The Pulse of Ecstasy

Posted in Sacred Intimacy

I’ve been thinking about intensity, in the awful intensity of these times. I wonder if there’s any wisdom in what I’ve learned.

Many years ago, when I was training, intensity was our method. We were taught to push fast into powerful altered states. Such states are actually quite easy to generate — through breath, touch, emotional activation, group process. They feel powerful, transformative, compelling.

Indeed, the neuroscience we later learned revealed that experiences of companioned, purposeful intensity can reopen neural learning windows. They can melt rigid identity, destabilize the trance of normal, and make the impossible feel possible. In the context of a loving community of practice devoted to personal and social liberation, many of us found our way to profound healing and well-being.

But—I see right-wing demagogues and irresponsible gurus employing these same tactics. The neuroendocrine states that emerge with companioned, purposeful intensity make people vulnerable to entrainment with charismatic authority. We become highly suggestible. The risk of retraumatization and boundary violations increases. This isn’t incidental — it’s structural.

Psychedelics are certainly not necessary to access these altered neuroendocrine states. But when they get added to the mix, these vulnerabilities get instant and amplified.

Does this mean we must avoid high-intensity experiences in order to stay safe, and defend against all trauma triggers?
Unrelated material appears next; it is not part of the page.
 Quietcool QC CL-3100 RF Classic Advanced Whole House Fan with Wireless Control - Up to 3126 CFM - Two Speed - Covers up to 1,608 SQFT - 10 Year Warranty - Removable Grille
I see left-wing collectives and careful teachers of trauma preaching this path. And as much as I have learned from concepts like “Window of Tolerance” and “secure attachment,” I observe that such understandings and practices can keep us cowering in a very constricted part of our nervous systems.

What I learned, instead, was we can be guided into better relationship with intensity through a path of trauma-aware ecstasy.

The word ecstasy comes from the Greek ekstasis — stepping outside the fixed. We move beyond the small defended self and feel held in a wider field of mystery and transpersonal belonging.

 

Caffyn looking contemplatively at three burning candlesSometimes ecstasy arrives as vivid, hallucinatory experiences of unity with all that is. But often it comes quietly — a deepened breath, a widening of perception, a felt sense of interbeing that is intimate rather than cosmic. Big, loud, long ecstatic states are not inherently more transformative than small and subtle ones. Volume and velocity don’t mean salience. A trauma survivor’s peak experience of shyly asking for wanted touch is as ecstatic as someone else’s thirty-minute orgasm.

Some people have nervous systems that genuinely thrive at higher amplitudes and frequencies of intensity. For them, deep activation, edge-work, and sustained charge are enlivening. For others, the same conditions are dysregulating. The question is whether a peak experience of intensity can be held within a rhythm that supports joy, satisfaction, integration, agency, and belonging.

We grow nervous-system capacity by exploring ecstasy in non-habitual ways. That might mean lingering in enoughness and discovering quieter paths to ecstasy, or spending time in amplified aliveness and courageous edge-walking. When learning unfolds at the pace of trust — with a just-right blend of challenge and support — we flourish.

A rhythm of escalation → peak intensity → crash entrains us to a stimulation–burnout cycle — a boom–bust pattern that ultimately poisons sacred ceremony. Contraction from the non-ordinary consciousness that unfolds with companioned, purposeful intensity confines our souls and societies to mediocrities.

Ecstasy is how intense peak experiences exist within a rhythm:

ecstasy → satisfaction → integration → deepened belonging → renewed longing, with expanded capacity for ecstasy.

This rhythm aligns us with the oscillating systems that shape the cosmos: neural firing, cardiac variability, ecological cycles, cosmic microwave background rhythms. It is a recalibration to the pulse of the universe.